Mientras tanto, Iqbal Damanik, director de la campaña de clima y energía de Greenpeace Indonesia, añadió que seguirán acechando lluvias extremas como resultado de la crisis climática.

Como nación insular propensa a los desastres, subrayó, el impacto de la crisis climática no es sólo numérico, sino que también amenaza vidas.

“Debe haber acciones y objetivos climáticos ambiciosos.

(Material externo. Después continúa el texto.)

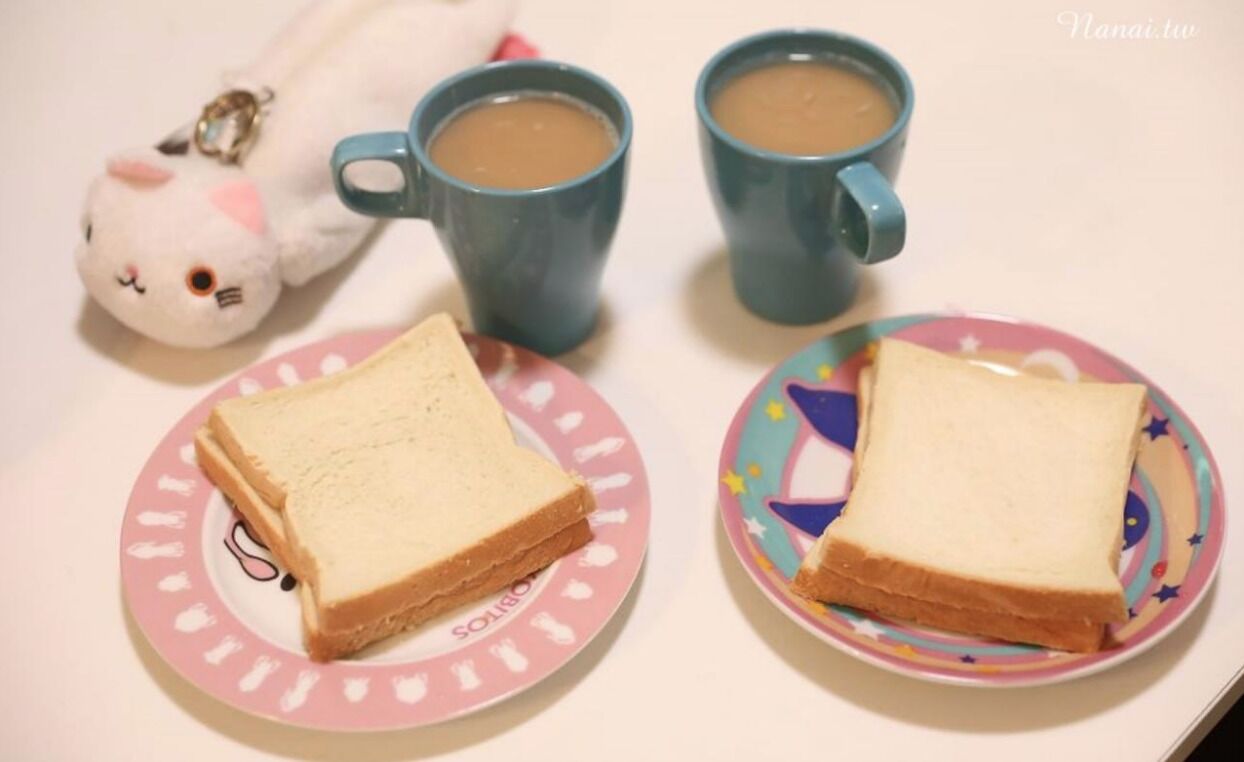 Two plates of white bread on a table with two blue cups of coffee and a white cat-shaped keychain.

El gobierno ya no puede depender de esfuerzos de mitigación y adaptación que sólo aparecen en el papel, y ya no debe haber soluciones falsas en la política climática nacional”, dijo Damanik.

“Ahora es el momento adecuado para mejorar la dirección de la política nacional para que ya no favorezca a unos pocos, sino que sea apropiada para todos”, concluyó.

Además de evaluar los permisos en Sumatra, Greenpeace también pidió al gobierno indonesio que deje de destruir bosques en otras regiones, como Papúa. Esto se debe a que el crecimiento económico del 8 por ciento al que aspira Prabowo no se logrará si el medio ambiente resulta dañado y los desastres climáticos continúan al acecho.

El desastre hidrometeorológico de inundaciones repentinas y deslizamientos de tierra en Aceh, Sumatra del Norte y Sumatra Occidental provocó muchas víctimas y considerables pérdidas materiales. Muchas instalaciones públicas sufrieron graves daños en una amplia zona.

Los datos de la Agencia Nacional de Gestión de Desastres (BNPB) hasta el lunes (12/01) a las 17.00 horas registraron que 604 personas murieron como resultado del desastre ecológico ocurrido en la última semana de noviembre.

Un total de 3.500 casas sufrieron daños graves, 4.100 casas sufrieron daños moderados y 20.500 casas sufrieron daños leves. Luego hubo 271 puentes dañados y 282 instalaciones educativas dañadas.